◆ **COLLECTED DATA**
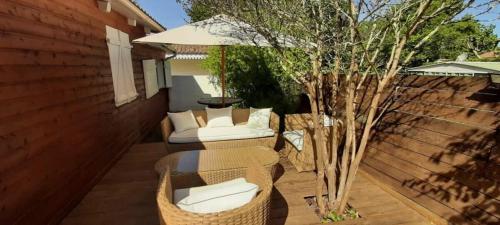 un patio avec une table, des chaises et un parasol dans l'établissement Hourtin Charmant Chalet avec Salon de Jardin, à Hourtin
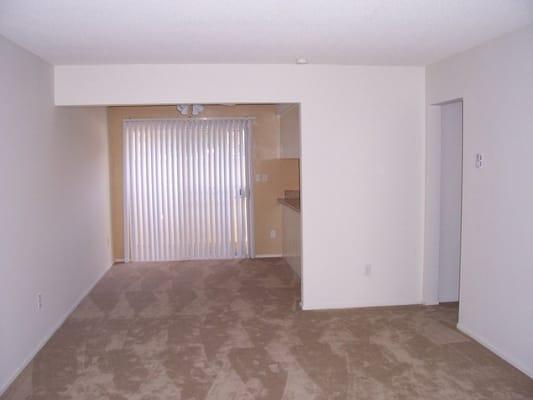 One bedroom, living room into dining room, with hallway to bedroom to the right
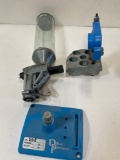 Dillon Precision parts. Stand, tool head & powder measurer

◆ **BRIEF**
Everything from the line with "One bedroom, living" through the last line of the listing should be retyped exactly, with both end lines kept and the pictures left out.

◆ **RESULT OF THE TASK**
 One bedroom, living room into dining room, with hallway to bedroom to the right
 Dillon Precision parts. Stand, tool head & powder measurer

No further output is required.